Promscale 0.4: Drawing Inspiration from Cortex to Rewrite Support for Prometheus High-Availability
Now with better support for Prometheus high-availability, support for multi-tenancy, improved user permissions (using role-based access control), and more.
Last October, we released an early version of Promscale, an open-source analytical platform and long-term store for Prometheus data. Promscale grew out of a need to have something to store metrics and handle both simple dashboarding queries as well as answer more complex questions. For example, complex questions that involve other datasets and analytical queries, for use cases like capacity planning, predictive analytics, root-cause analysis, auditing, and reporting.
Because of our architectural decision to build on top of TimescaleDB (and, thus, on PostgreSQL), Promscale is the only Prometheus long-term store that offers full SQL and full PromQL support, providing the ability to create any dashboard and ask any question to get a more complete understanding of the systems they are monitoring. (This includes the ability to include external datasets and query across them using joins.)
Despite being a relatively young project, Promscale users include two of the largest cloud providers in North America and Europe, one of the largest gaming companies in the world, many smaller startups, and a range of many other use cases and industries (including Timescale, where this project is also being developed - “dogfooding” FTW).

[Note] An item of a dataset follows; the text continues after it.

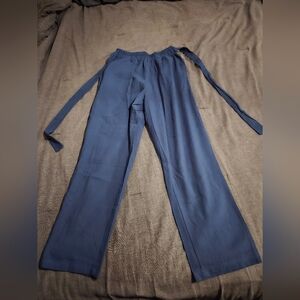 Blue Lightweight Drawstring Pants | Elastic Waist Straight Leg Trousers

Today, with Promscale 0.4, we’re introducing several new capabilities:
- Better support for Prometheus high-availability (more below)

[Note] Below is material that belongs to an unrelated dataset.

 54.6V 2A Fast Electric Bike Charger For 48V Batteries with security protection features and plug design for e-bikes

- Support for multi-tenancy
- More control over user permissions (using role-based access control)
- And more (please see release notes)
With this release, Promscale is now even more robust and suited for simple and enterprise-grade deployments (and everything in between). In particular, our improved support for Prometheus high-availability will enable scalable deployments that are resilient to failures and outages while multi-tenancy provides better isolation of data belonging to different parts of your organization.

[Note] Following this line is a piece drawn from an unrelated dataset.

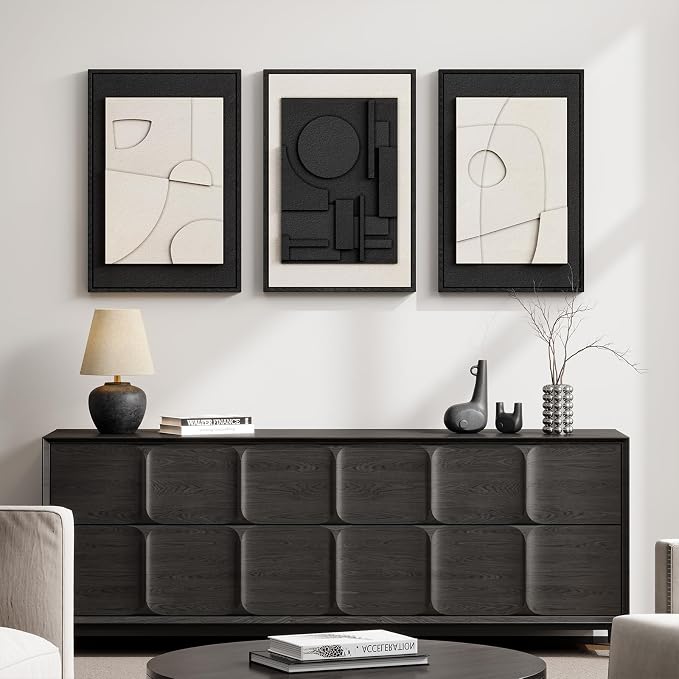 3D Textured Framed Black and White Abstract Wall Art Set of 3, 16x24 In | Solid wood frames, raised circles lines and blocks, modern minimalist wall decor for bedroom living room and dining room - Image 5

In the rest of this post, we’ll go deeper into how we’ve redesigned (and subsequently improved) the way Promscale ingests data from Prometheus servers running as high-availability (HA) replicas.
To get started with Promscale today:
- Install Promscale via Helm Charts, Docker, and others. See GitHub for more information (GitHub ⭐️ welcome and appreciated! 🙏)
- Check out our Getting Started with Promscale tutorial for more on how Promscale works, installation instructions, sample PromQL and SQL queries, and more.
- Watch our Promscale 101 YouTube playlist for step-by-step demos and best practice.
- Reach out in Timescale Slack (#promscale) to join our community.
If you’re an existing user, simply deploy the latest version of the Promscale binary to upgrade to Promscale 0.4.
In general, deploying Prometheus high-availability replicas is critical for robust production systems, since they protect against a crash of any one server. Promscale has supported ingesting this kind of data since our first release – but our original method was based on database locks, which led to complex deployments, had problems with scalability and coupling, and was less resilient to certain kinds of failures.
Our new system, which takes inspiration from Cortex, solves these issues and makes Promscale both easier to use and more robust.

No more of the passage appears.